Sunday, March 19, 2017

Grassley, Leahy Warn EB-5 Industry against Secret Backroom ‘Deals’ to Thwart Reforms

WASHINGTON – Senate Judiciary Committee Chairman Chuck Grassley (R-Iowa) and Senator Patrick Leahy (D-Vt.) put EB-5 industry organizations on notice that backroom deals that do not address the many flaws of the EB-5 program would be dead on arrival.
In a letter to the U.S. Chamber of Commerce and the Real Estate Roundtable, the senators pledge to work in good faith with industry stakeholders to address widespread fraud, national security concerns, and abused economic incentives plaguing the EB-5 Regional Center program, but warned that window-dressing reforms would not be accepted.

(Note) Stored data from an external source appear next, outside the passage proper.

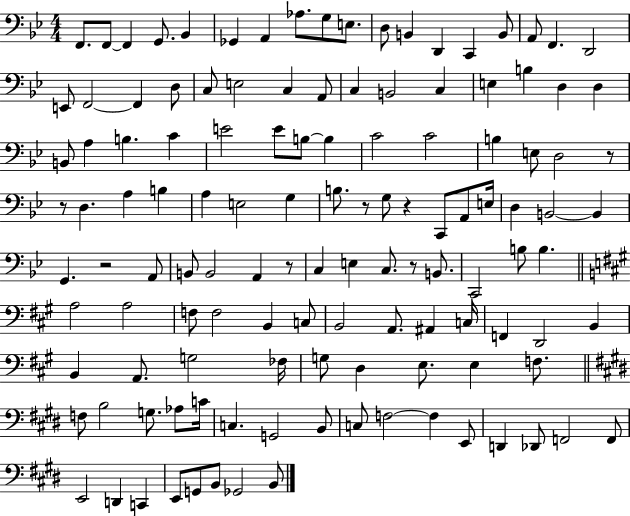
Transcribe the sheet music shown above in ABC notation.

X:1
T:Untitled
M:4/4
L:1/4
K:Bb
F,,/2 F,,/2 F,, G,,/2 _B,, _G,, A,, _A,/2 G,/2 E,/2 D,/2 B,, D,, C,, B,,/2 A,,/2 F,, D,,2 E,,/2 F,,2 F,, D,/2 C,/2 E,2 C, A,,/2 C, B,,2 C, E, B, D, D, B,,/2 A, B, C E2 E/2 B,/2 B, C2 C2 B, E,/2 D,2 z/2 z/2 D, A, B, A, E,2 G, B,/2 z/2 G,/2 z C,,/2 A,,/2 E,/4 D, B,,2 B,, G,, z2 A,,/2 B,,/2 B,,2 A,, z/2 C, E, C,/2 z/2 B,,/2 C,,2 B,/2 B, A,2 A,2 F,/2 F,2 B,, C,/2 B,,2 A,,/2 ^A,, C,/4 F,, D,,2 B,, B,, A,,/2 G,2 _F,/4 G,/2 D, E,/2 E, F,/2 F,/2 B,2 G,/2 _A,/2 C/4 C, G,,2 B,,/2 C,/2 F,2 F, E,,/2 D,, _D,,/2 F,,2 F,,/2 E,,2 D,, C,, E,,/2 G,,/2 B,,/2 _G,,2 B,,/2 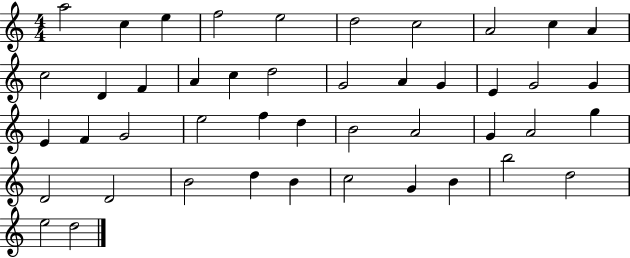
{
  \clef treble
  \numericTimeSignature
  \time 4/4
  \key c \major
  a''2 c''4 e''4 | f''2 e''2 | d''2 c''2 | a'2 c''4 a'4 | \break c''2 d'4 f'4 | a'4 c''4 d''2 | g'2 a'4 g'4 | e'4 g'2 g'4 | \break e'4 f'4 g'2 | e''2 f''4 d''4 | b'2 a'2 | g'4 a'2 g''4 | \break d'2 d'2 | b'2 d''4 b'4 | c''2 g'4 b'4 | b''2 d''2 | \break e''2 d''2 | \bar "|."
}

“We are disappointed to learn that your organizations may have recently agreed to a secretive, backroom ‘deal’ that undercuts the many good-faith efforts we have made during the past two years. From what we have been told, this so-called ‘deal’ does not advance Congress’s goals for this program and instead is merely aimed at pre-empting the new rules.  It should go without saying that Congress is not bound by any deal that industry officials may have made. Our interests are preserving the integrity of our immigration system and the well-being of the American people.  We will reject out of hand any window-dressing reforms that attempt to preserve the status quo,” the senators wrote in letters to the U.S. Chamber of Commerce and the Real Estate Roundtable.
Grassley and Leahy have worked for more than two years to examine and address weaknesses and national security vulnerabilities in the EB-5 program, which grants work visas to foreign nationals who invest at least $500,000 in domestic enterprises. The program was designed to spur U.S. job creation, especially in rural or economically distressed areas, but the program has been marked by fraud and abuse.  Minimum investment levels have not kept pace with inflation over the quarter-century life of the pilot program and gerrymandering of regional centers has syphoned investments away from the rural or distressed areas that the program was intended to prioritize.